The key results can be summarized as follows:

  • Much larger sample sizes are typically required under RD than RA designs. Consider the most commonly-used design in education-related impact studies where equal numbers of schools are assigned to treatment or control status. Under this design, about 114 total schools (57 treatment and 57 control) are required to yield an MDE of 0.25 standard deviations, assuming a regression R2 value of 0.5 (Design III; Table 7.1). The corresponding figure for the RA design is only 42 total schools (Table 7.3). Similarly, for the classroombased Design II, the required number of schools is 45 for the RD design (Table 7.1), compared to only 16 for the RA design (Table 7.3).
  • Because of resource constraints, school-based RD designs may only be feasible for interventions that are likely to have relatively large effects (about 0.33 standard deviations or more). Under Design III, 66 schools (33 treatment and 33 control) are required to achieve an MDE of 0.33 standard deviations (assuming an R2 value of 0.50; Table 7.1). This number is comparable to the number of schools that are typically included in large-scale experimental impact evaluations funded by the U.S. Department of Education.

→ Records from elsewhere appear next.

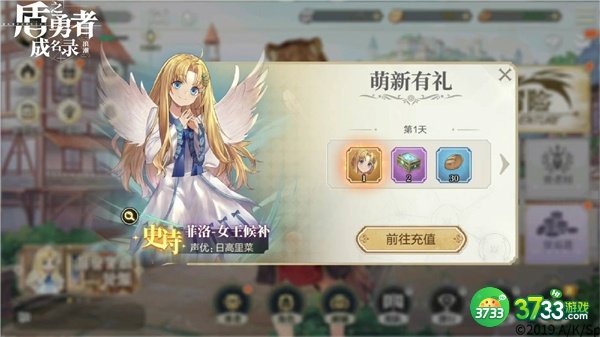 盾勇手游日常奖励获取方式汇总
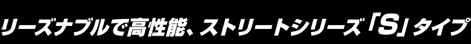ストリートゼロエス
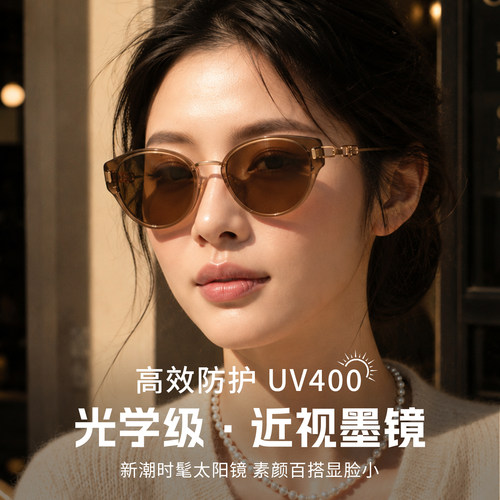茶色近视墨镜女款猫眼高级感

  • A 2:1 split of the sample has a small effect on statistical power. The required school sample sizes are similar in Tables 7.1 and 7.2. This occurs because as discussed, a balanced sample allocation yields larger RD design effects than an unbalanced allocation, but also yields smaller variances under the RA design; these two effects are largely offsetting.
  • R2 values matter. The viability of RD designs in education research hinges critically on the availability of detailed baseline data at the aggregate school or individual student level—and in particular, pretest data—that can be used as covariates in the regression models to improve R2 values. For instance, for the school-based Design III, the number of schools required to achieve an MDE of 0.33 standard deviations is 39 if the R2 value is 0.70, 66 if the R2 value is 0.50, and 131 for a zero R2 value (Table 7.1).
  • RD designs may be most viable for less-clustered designs where classrooms or students are the unit of treatment assignment. For example, under the classroom-based Design II, 45 schools are required to achieve an MDE of 0.25 standard deviations, assuming an R2 value of 0.50 (Table 7.1). The comparable figure for the classroom-based Design V (with random school effects) increases to only 53, because, as discussed, RD design effects are smaller for this design than for Design II. For the student-level Design I, the comparable number of required schools is 13 schools (Table 7.1).